The market for virtualization security products in the Asia Pacific region is expected to jump more than ten-fold, reaching $549.6 million in revenues in 2017, up from $48.4 million last year, according to research by Frost & Sullivan.
Currently, the manageability of virtual infrastructures is a bigger priority than the security of those infrastructures. Security vendors are also held back by the lack of compliance support on securing the virtualization infrastructure and the high costs of security products, noted Frost & Sullivan Industry Manager Cathy Huang.
Greater awareness of the security risks associated with virtualization will fuel growth in the market, Huang said.

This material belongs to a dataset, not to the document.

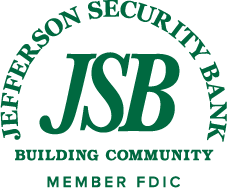 JEFFERSON SECURITY BANK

The hypervisor, which manages virtual machines, is a particularly sensitive security target, because its breach could compromise all hosted workloads.
The market is almost expected to get a boost from the maturing regulation and standards, such as the latest credit card security guidelines for virtual infrastructure under the Payment Card Industry Data Security Standards (PCI DSS).
In a supplement to the PCI DSS, the PCI Security Standards Council offers a number of recommendations for virtualization security, including:
- evaluate risks associated with virtual technologies,
- restrict physical access to systems,
- implement defense in depth,
- isolate security functions,
- enforce least privilege and separation of duties and
- harden the hypervisor and virtual machines.
Huang cautioned end users that deploying virtualization technology in a business environment without implementing adequate security measures could increase costs and reduce agility.
"To succeed in the market, vendors' virtualization security solutions must be able to optimize resource-intensive tasks. Vendors that provide consistent policy management across physical and virtual environments will stand out," Huang noted.